= Deepak Srivastava =

President and Senior Investigator, Gladstone Institutes

Deepak Srivastava (born May 14, 1966) is the president of Gladstone Institutes, where he is also a senior investigator and the Robert W. and Linda Mahley Distinguished Professor. Additionally, he is director of the Roddenberry Stem Cell Center at Gladstone. At UC San Francisco, with which Gladstone is affiliated, Srivastava is a professor in the Department of Pediatrics and the Department of Biochemistry and Biophysics. He is also the Wilma and Adeline Pirag Distinguished Professor in Pediatric Developmental Cardiology, and an attending physician in pediatric cardiology at UCSF Benioff Children's Hospitals.

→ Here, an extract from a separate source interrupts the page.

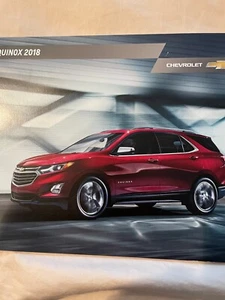 2018   Chevrolet  Equinox Sales Brochure - Picture 1 of 1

Srivastava's laboratory focuses on understanding the causes of heart disease and on using knowledge of cardiac developmental pathways to devise novel therapeutic approaches for human cardiac disorders.

== Early life ==
Born in India, Srivastava immigrated to the United States with his father, a biochemist, his mother, a teacher, and his two older sisters when he was under one year of age. The family settled in Los Angeles, where Srivastava's father had joined the faculty at City of Hope Medical Center. Eight years later, they moved to Texas so his father could accept a professorship at the University of Texas Medical Branch in Galveston.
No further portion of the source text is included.